My father was a strong man, dynamic, and dramatic. A man of firm conviction, he expressed his opinions frequently and forcefully. For him, everything was monochromatic, black or white, right or wrong. There were no shades of grey or extenuating circumstances.
He walked into harm’s way daily for 20 years to put food on our table and seemed fearless until the day I came home with 7 stitches in my lip and blood covering my shirt. Before I could tell him what happened, he erupted like a volcano.
I remember the moment clearly because it was one of those ‘aha’ moments. My first reaction was – “Why is he yelling at me now?” It seemed he was always yelling at me. Then I realized he wasn’t yelling at me. He was yelling for me. He was yelling because he was afraid – not for himself, but for his son.
More than anything my Dad wanted me to get an education. At first I thought it was because this was something he had been denied. Now I know it had more to do with a Father’s desire to see a son reach his highest possibilities. My son taught me that lesson.
Daily for 14 years and change, I have watched my son grow and develop. There is no way to describe the delight I take in watching him become who he is, but it something I suspect every Father will understand.
The greatest lesson of my Father’s life is wrapped up in this.
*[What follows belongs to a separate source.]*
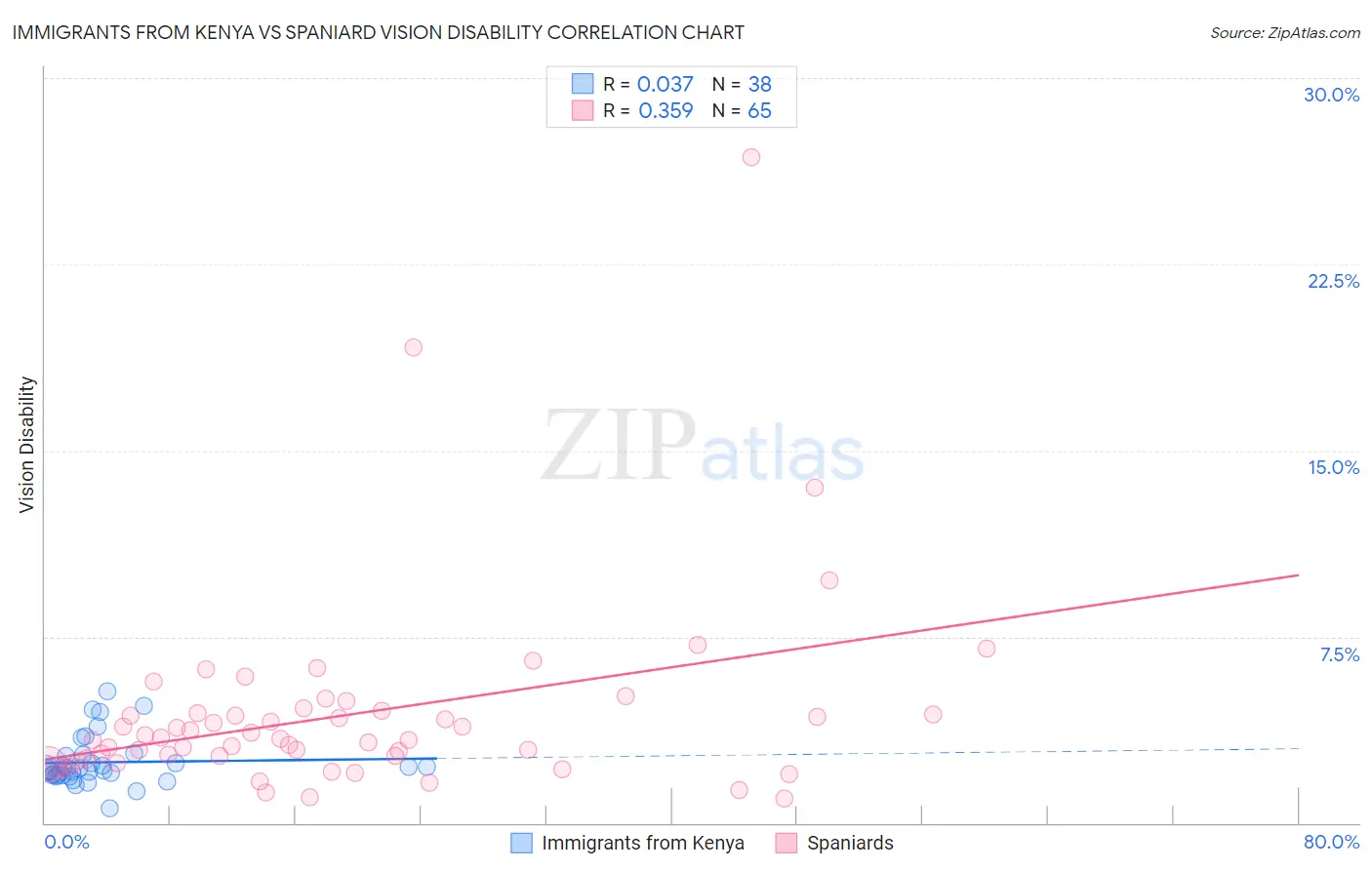 Immigrants from Kenya vs Spaniard Vision Disability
The Bard of Avon said it best – “To thine own self be true.” To be what we are and to become what are capable of becoming is the noblest end in life.
Every child is defined by promise and possibilities. Every father, every parent, wonders how their child will fulfill the promise that is in them. Their challenge – and ours – is to become useful, not according to our desires but according to our powers with the ultimate goal of living a life of limited regrets.
All will win. All will lose. Every heart will be hurt and broken. Win or lose, my father would say, take you best shot, let the chips fall as they may, get up, and go on. Never give up. Win, lose, or draw, always try to do better next time, always try to make things better.
My father was raised on ranch in the mountains on the western slope of the Continental Divide. One of the things you notice there is that it is only in winter, when the leaves have fallen and the trees are barren, that you clearly see the contours of the land. So it is with men. The content of our character and depth of our commitment can best be read in the seasons of our distress. It is when we are tested that our true character is most apt to be revealed.